Pitchfork Pretty is also open in the mornings, serving breakfast sandwiches and bowls, pastries, coffee, and a variety of organic, loose-leaf teas. Although the restaurant doesn't serve lunch currently, a new happy hour features discounted snacks like oysters with a smokey mignonette and adorable pickled quail eggs. The cocktail program is solid, with refreshing options like the Thirst Squasher made with Highborn gin, ancho chile, squash leaf, bay leaf, tomato, and vanilla. The beer and wine list is short but sweet, chosen to match the farm-fresh fare.
PS 35
This New York-style pizzeria is a welcome addition to the Round Rock dining scene. The menu by native New Yorker and executive chef Clint Elmore features hand-tossed thin crust pizza, hot and cold sandwiches on fresh baked bread, a selection of family-style Italian dishes, and reinterpreted East Coast favorites. The lively, family-friendly atmosphere has a fun NYC vibe with white subway tiles covered in graffiti, photos of iconic Big Apple landmarks, an excellent soundtrack, classic video games, and an outdoor pavilion for live music and yard games.

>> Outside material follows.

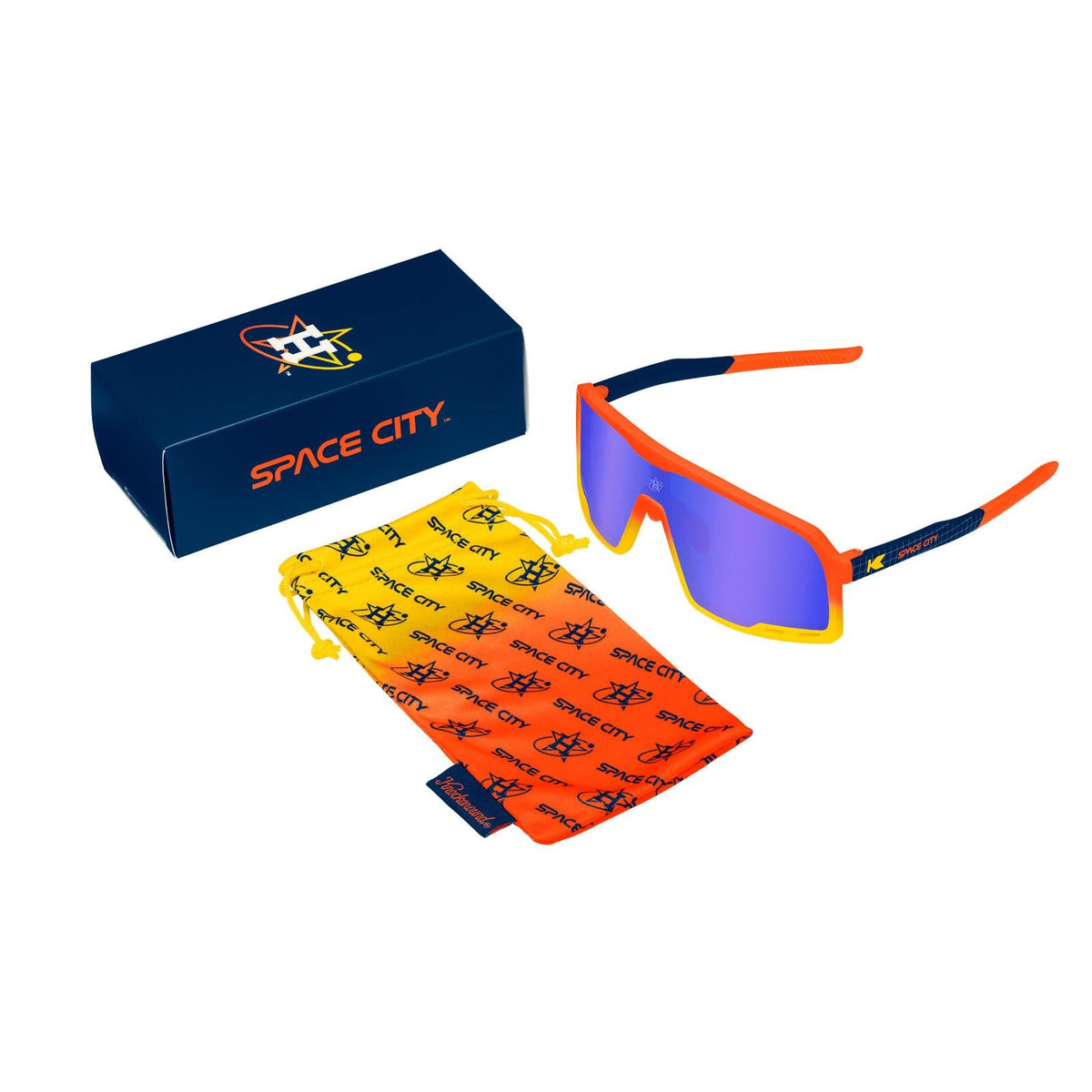 MLB Houston Astros City Connect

We liked the truffle tater tots with Parmesan and parsley as a snack while sipping our refreshing frozen New York Sour. We also enjoyed the Don Ho pizza, Elmore's take on the classic Hawaiian made with pancetta, Fresno chiles, Thai basil, Grana Padano, and mozzarella. The signature Hot Honey pizza features pepperoni, house-made Italian sausage, ricotta, Grana Padano, and Mike's Hot Honey. Kids will love the house-made Spaghetti-O's or the hearty lasagna. Other offerings include soft serve ice cream and tiramisu for dessert, a great selection of craft beer, and cocktails, including two rotating frozen taps. PS 35 recently started lunch and happy hour service; the latter is available from 3 to 6 pm, Tuesday through Friday, and all day Monday.
Sophia's
This lovely basement spot has a new chef de cuisine: Caleb Higginson, former sous chef at Central Standard and chef de partie at the historic Austin Club. He is currently offering a rotating summer menu of modern Italian-American specials and rolling out a new lounge lineup with items for dining at the bar or on the second-story terrace.
We were wowed by his take on classic baked clams, which he has turned into a clam cake — think crab cake, but with Manila clams, breadcrumbs, garlic, and parsley perched over an excellent lemon-shallot-herb butter. The grilled octopus appetizer was as tender as we've ever had, served with shoestring potatoes, roasted red peppers, and macerated tomatoes. The seared sea scallops with asparagus, pistachio purée, roasted garlic, caramelized onion, grilled corn succotash, and crispy guanciale was our favorite dish, but even the simple-sounding spaghetti al pesto was a revelation. For dessert, try the dreamsicle or tiramisu pops for something fun and refreshing.